AmEx's Profitability Unchanged
Becoming a bank holding company won't hurt a bit.
American Express (AXP) becoming a bank holding company (BHC) is not just a net positive for the company - it's simply positive. When a highly leveraged investment bank like Goldman Sachs (GS) turns into a BHC, its future profitability suffers as its leverage drops to the commensurate level of the bank. Lower leverage leads to lower profitability.
AmEx, on the other hand, though not regulated by the Fed, maintained a capital structure very similar to a bank: It securitized its credit-card portfolios, and market participants demanded bank-like leverage ratios. AmEx's profitability won't be altered by becoming a BHC - so no negative here.
But here's a very significant positive: It will be able to borrow from the Fed, paying a puny 1% to 1.5% to fund its credit-card portfolio. AmEx becoming a BHC removed a liquidity risk - a risk that AmEx won't be able to fund, float, and provide credit in its credit portfolio.
Fed funds and discount rates won't stay at these levels forever, but an increase in the rate will coincide with an improved economy and stabilized credit markets. At that point, AmEx won't need the Fed anymore.
I did a fairly in-depth analysis of AmEx in March 2008 - and, though many things have changed since then, the thesis is largely the same.
China Is Slowing Down
I've said for a long time that one shouldn't trust economic statistics data coming from the Chinese government as it has the incentives, (and the power) to interrogate the data until it confesses to whatever the government wants to see.
Today, we learned that industrial production in China rose 8.2% in October, a slowdown from 11.4% growth in September, and below expectations of 10.8%. Even though industrial production growth wasn't great, it was still growth - and fairly decent growth by "developed" world standards.
But there was another bit of news (in the same article) that really bothered me: The volume of electricity generation dropped 4% in October.

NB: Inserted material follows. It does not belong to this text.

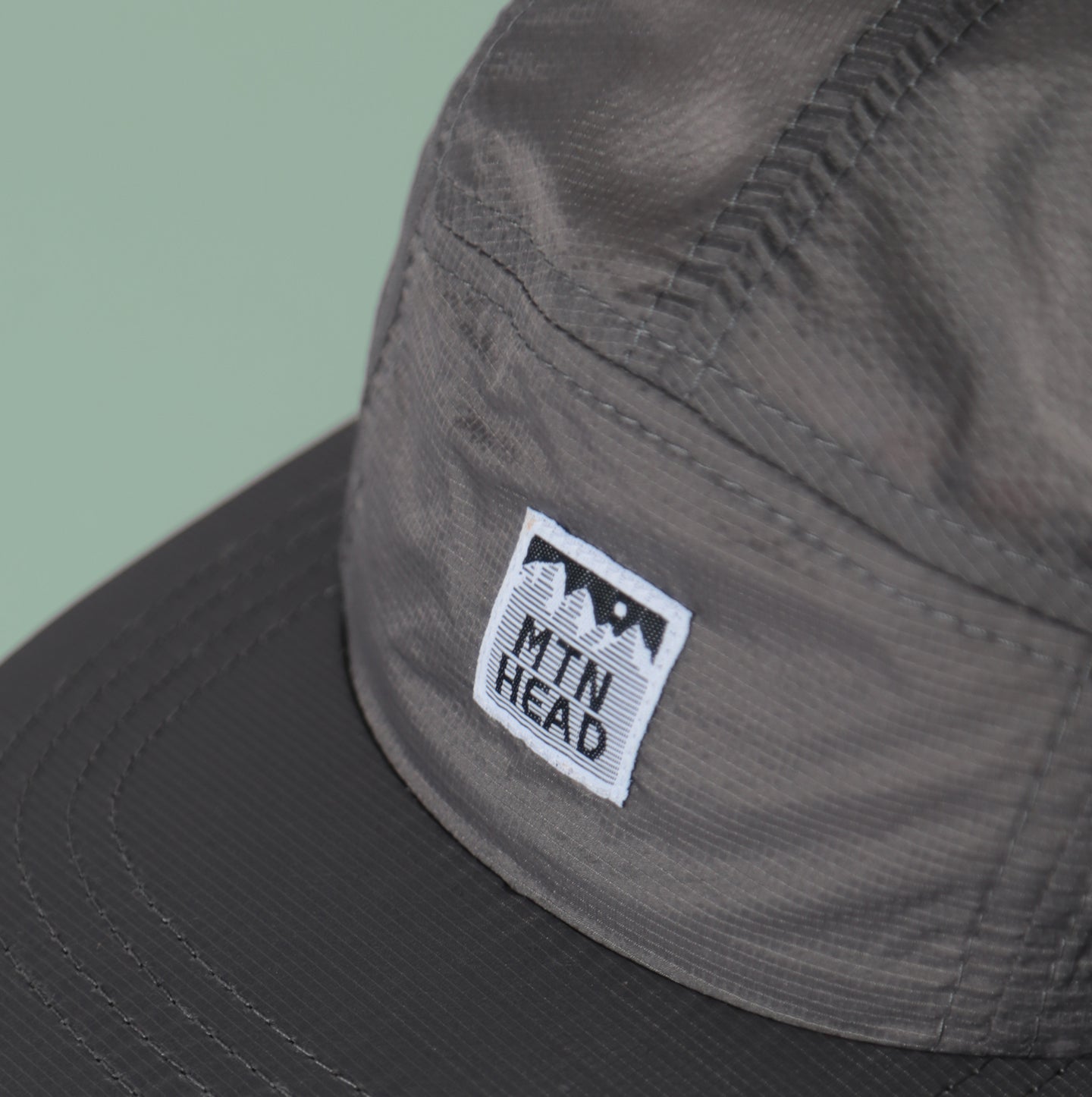 DWR Camp Hat - Steel Grey Packable Ripstop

Yes, a drop. So which number would you trust?
Maybe it's the pessimist in me -- or maybe I've written so many "China will slow down" articles -- that I'm looking for data that confirms my view. Or maybe I have a hard time imagining industrial production rising in high single-digits, when electricity generated declined during the same time period.
China may have some country-specific subtleties that I'm missing (given that I'm thousands of miles away), but unless proven otherwise, the Chinese economy is declining, not growing - especially when all the other numbers show decline as well. Car inventories are at 4-year highs, the real-estate market (both commercial and residential) are overbuilt, the government is coming up with a $600 billion stimulus package, unemployment is rising, demand from the developed world has slowed down, and so on.